Mangold fumbles Cop Land’s finish. He doesn’t know how to scale the narrative distance. Even if he did, there are some other significant pitfalls. But it’s almost great. Cop Land is almost great.

The acting is all good. De Niro is able to handle the Pacino-esque ranges in volume. Stallone self-effaces well. Maybe too much since Keitel’s a tad detached. Liotta takes an overly complicated role with too little development and gets some great material.

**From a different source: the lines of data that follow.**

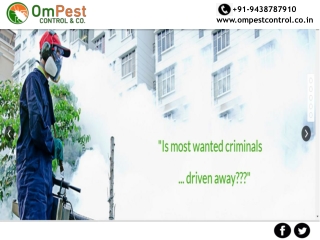OM Pest Control are the best pest control services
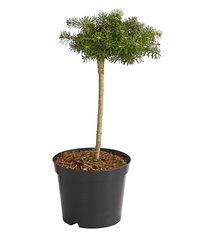 Koreai jegenyefenyő Kristalkugel, Abies koreana  kont. C5 na 40 cm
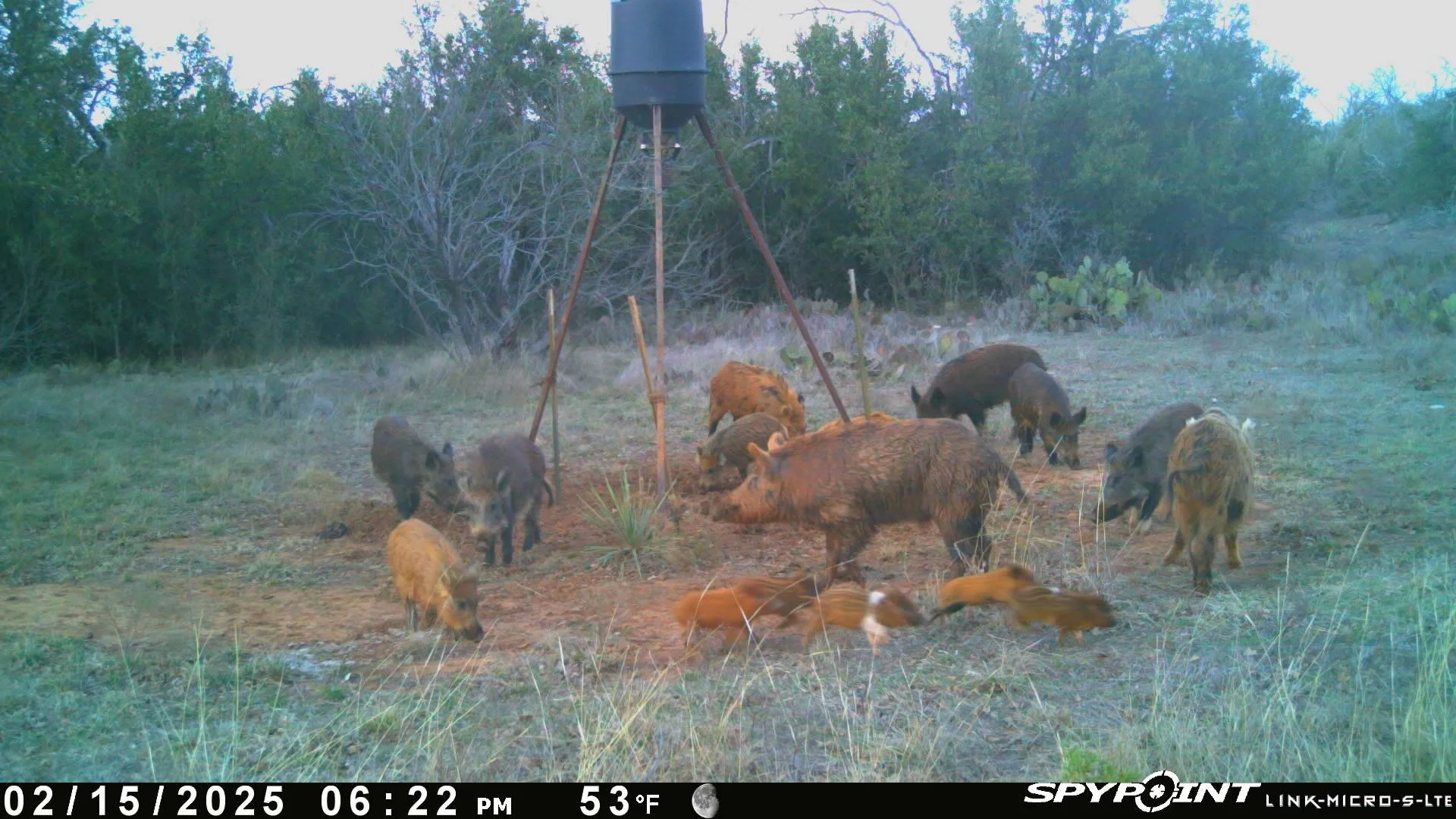 Wild pig family gathered around a wildlife camera in a grassy area with bushes and trees in the background.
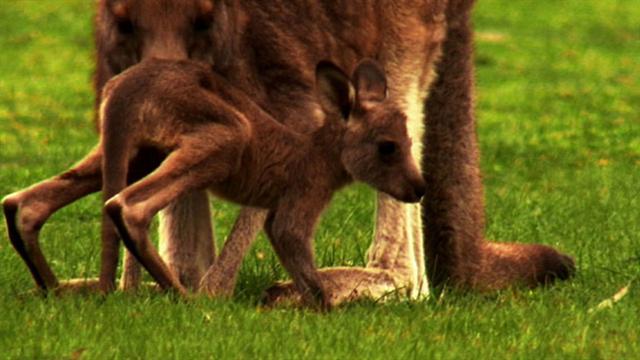 World's Weirdest: Kangaroo Birth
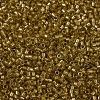MIYUKI Delica Beads X-SEED-J020-DB0909-4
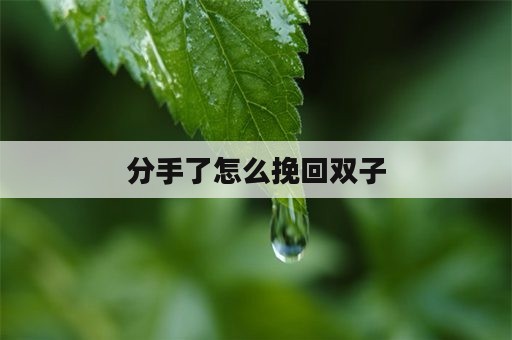 分手了怎么挽回双子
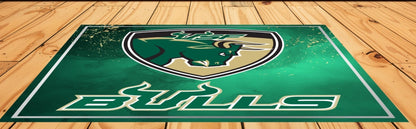 University Of South Florida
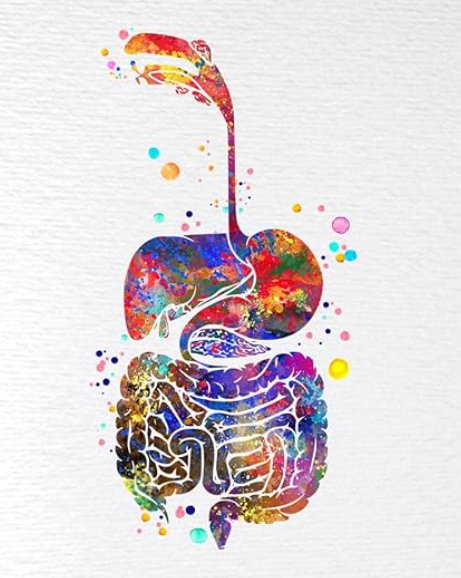 THE GUT BOUNDARY INTEGRITY FRAMEWORK (2 levels) - (Verschluckte Luft als verschluckte Invasion - Darmgesundheit)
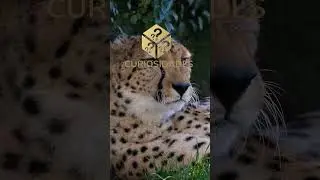 O Guepardo  O Animal Mais Rápido do Mundo e sua Ameaça de Extinção #shorts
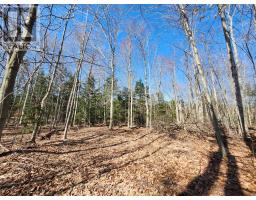 PT LT 31 CON 3 TOWER LINE - 9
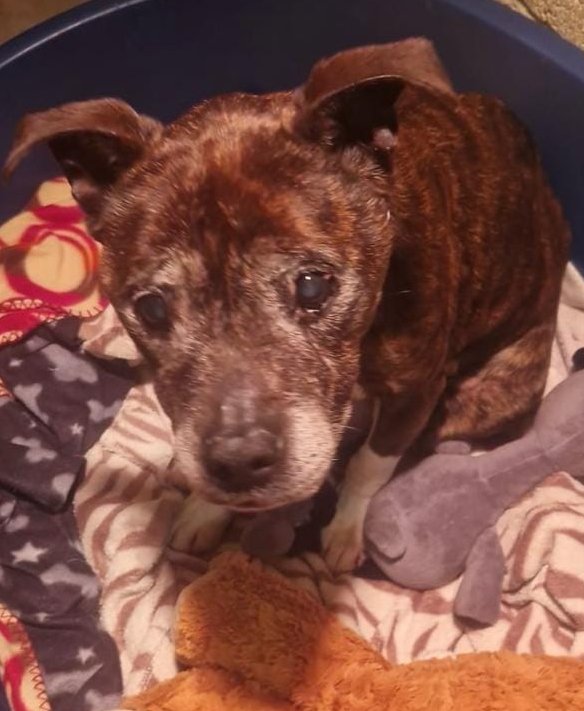 VERY URGENT, TEARJERKER , EMERGENCY FOREVER FOSTER HOME NEEDED FOR HOLLY #YORKSHIRE #UK AGED 16!!! ⭐️⭐️⭐️VETS BILLS COVERED⭐️⭐️⭐️ '16 year old little Staffy HOLLY arrived with us last night as a total emergency This is absolutely heartbreaking and we URGENTLY need a ‘forever…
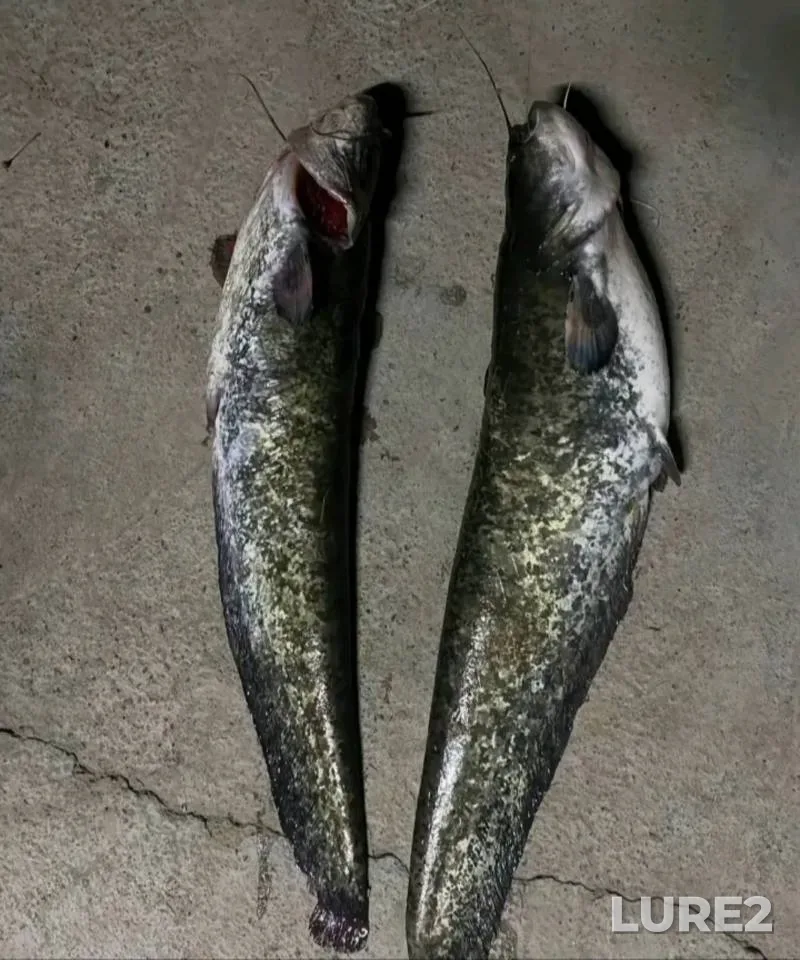 Carp — Rogachyovka, Apr 12, 2023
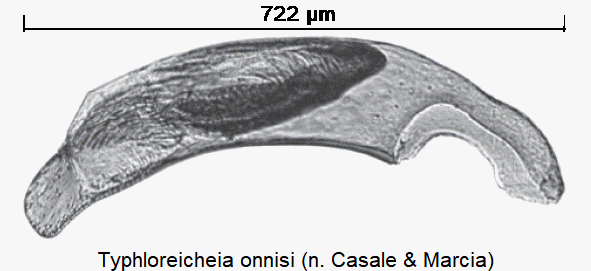 typhloreicheia_onnisi.gif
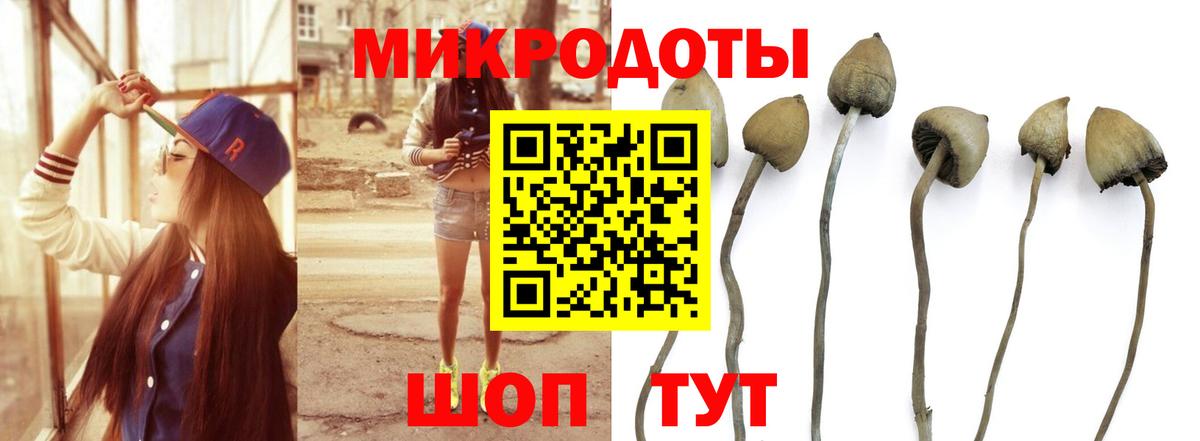 Видное  Галлюциногенные грибы Psilocybine cubensis  Псилоцибиновые грибы мицелий  Вход с VPN 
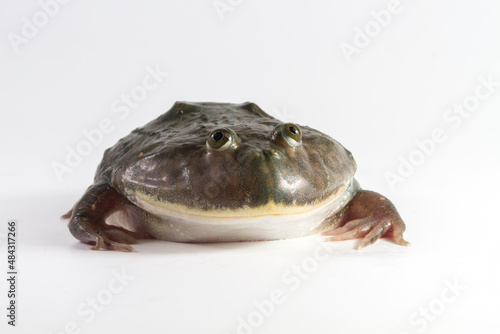 freddy krueger frog closeup with white background, budget frog on white background, Lepidobatrachus laevis closeup photo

Much of Howard Shore’s score is excellent. When it’s not excellent, even when it’s predictable, it’s competent. Excellent photography from Edwards. Lester Cohen’s production design is good, even better than Mangold’s shots of it.

Cop Land comes real close; real, real close.

3/4★★★

CREDITS

Written and directed by James Mangold; director of photography, Eric Alan Edwards; edited by Craig McKay; music by Howard Shore; production designer, Lester Cohen; produced by Cary Woods, Cathy Konrad and Ezra Swerdlow; released by Miramax Films.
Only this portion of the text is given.